** Opening Data to process block **
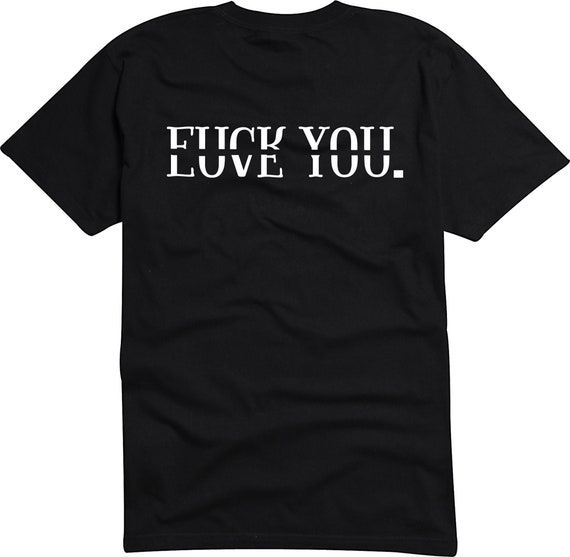 Fuck You Love You T-Shirt Fuck You Love You T-Shirt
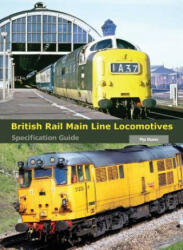 British Rail Main Line Locomotives Specification Guide - Pip Dunn (2013)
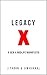 Legacy X by J. Thorn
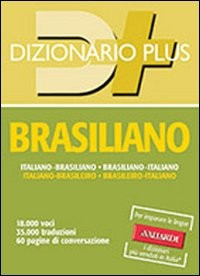 DIZIONARIO BRASILIANO ITALIANO BRASILIANO D+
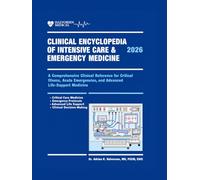 Clinical Encyclopedia of Intensive Care & Emergency Medicine 2026: A Comprehensive Clinical Reference for Critical Illness, Acute Emergencies, and Advanced Life-Support Medicine.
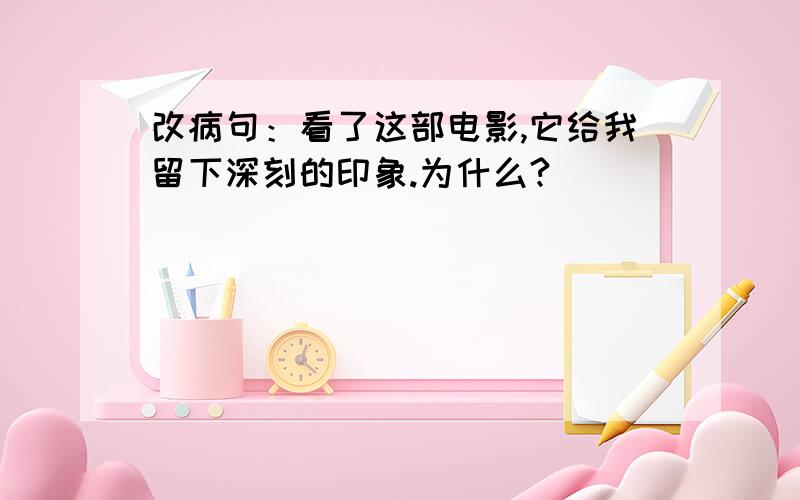 改病句：看了这部电影,它给我留下深刻的印象.为什么?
** Closing Data to process block **
Requirement
Return all records verbatim and drop the pictures.

Answer box
 Fuck You Love You T-Shirt Fuck You Love You T-Shirt
 British Rail Main Line Locomotives Specification Guide - Pip Dunn (2013)
 Legacy X by J. Thorn
 DIZIONARIO BRASILIANO ITALIANO BRASILIANO D+
 Clinical Encyclopedia of Intensive Care & Emergency Medicine 2026: A Comprehensive Clinical Reference for Critical Illness, Acute Emergencies, and Advanced Life-Support Medicine.
 改病句：看了这部电影,它给我留下深刻的印象.为什么?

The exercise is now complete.